» **Task**
Go through the lines below and repeat each one exactly, skipping pictures.

» **Supplied material**
BEGIN

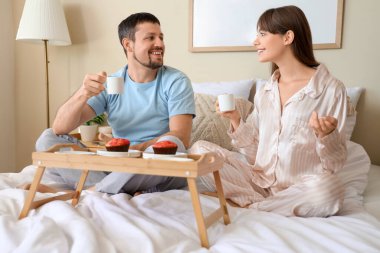 Young happy couple in pajamas with cups of coffee and cupcakes having breakfast together at home clipart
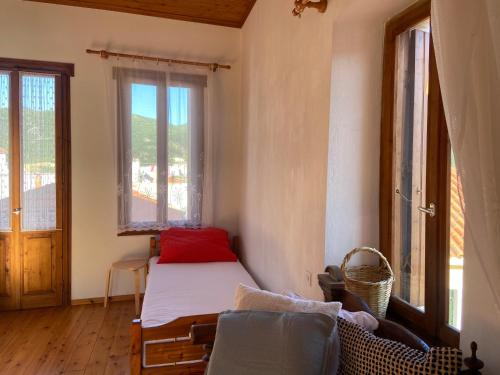 a bedroom with a bed and a couch and windows at Adele house in Skopelos Town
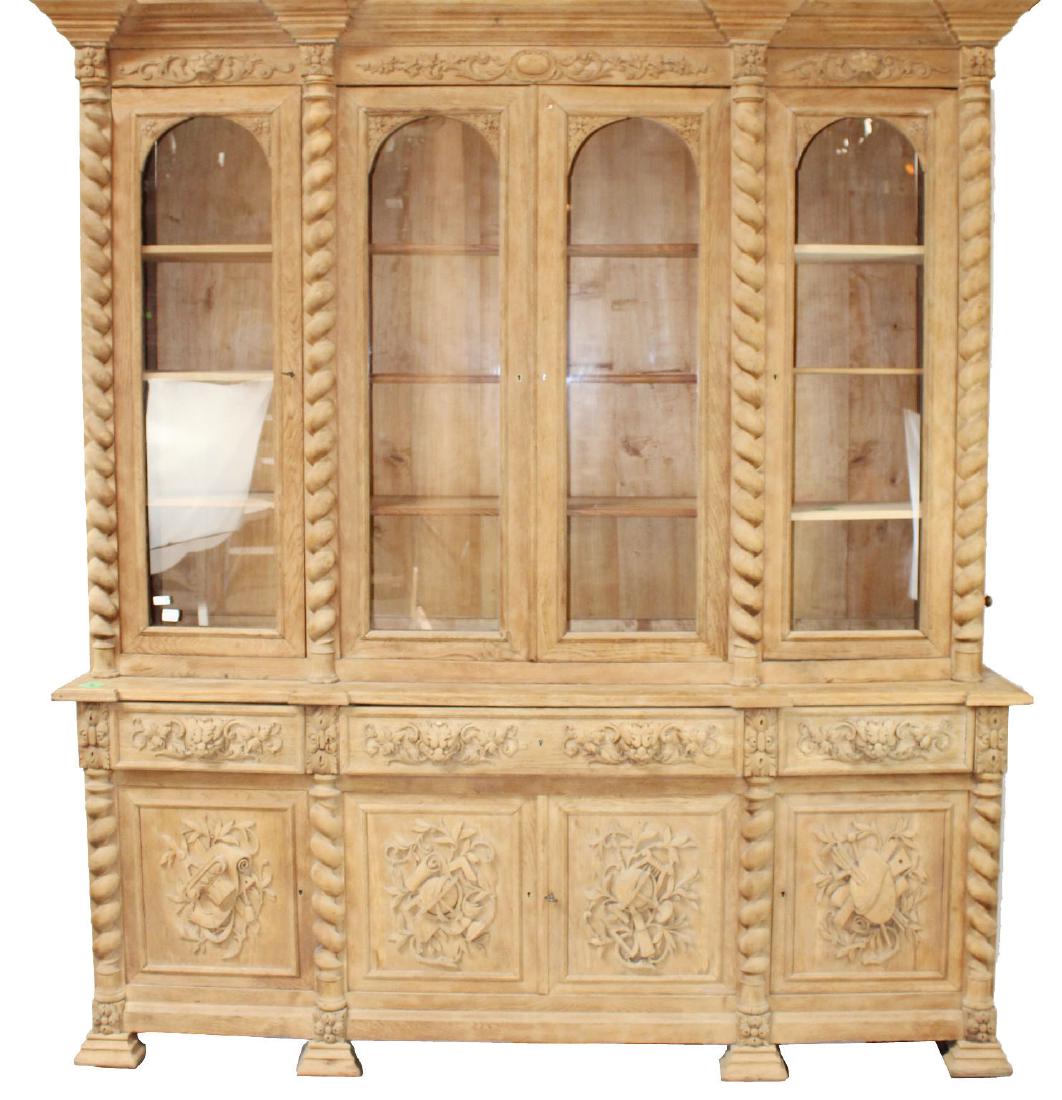 French bleached oak 4 door bookcase: French bleached oak 4 door bookcase. Barley twist columns and relief carved lower doors depicting attributes of the arts and science. Late 19th century. 97 1/2"h x 87"w X 24"d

END

» **Solution to this problem**
 Young happy couple in pajamas with cups of coffee and cupcakes having breakfast together at home clipart
 a bedroom with a bed and a couch and windows at Adele house in Skopelos Town
 French bleached oak 4 door bookcase: French bleached oak 4 door bookcase. Barley twist columns and relief carved lower doors depicting attributes of the arts and science. Late 19th century. 97 1/2"h x 87"w X 24"d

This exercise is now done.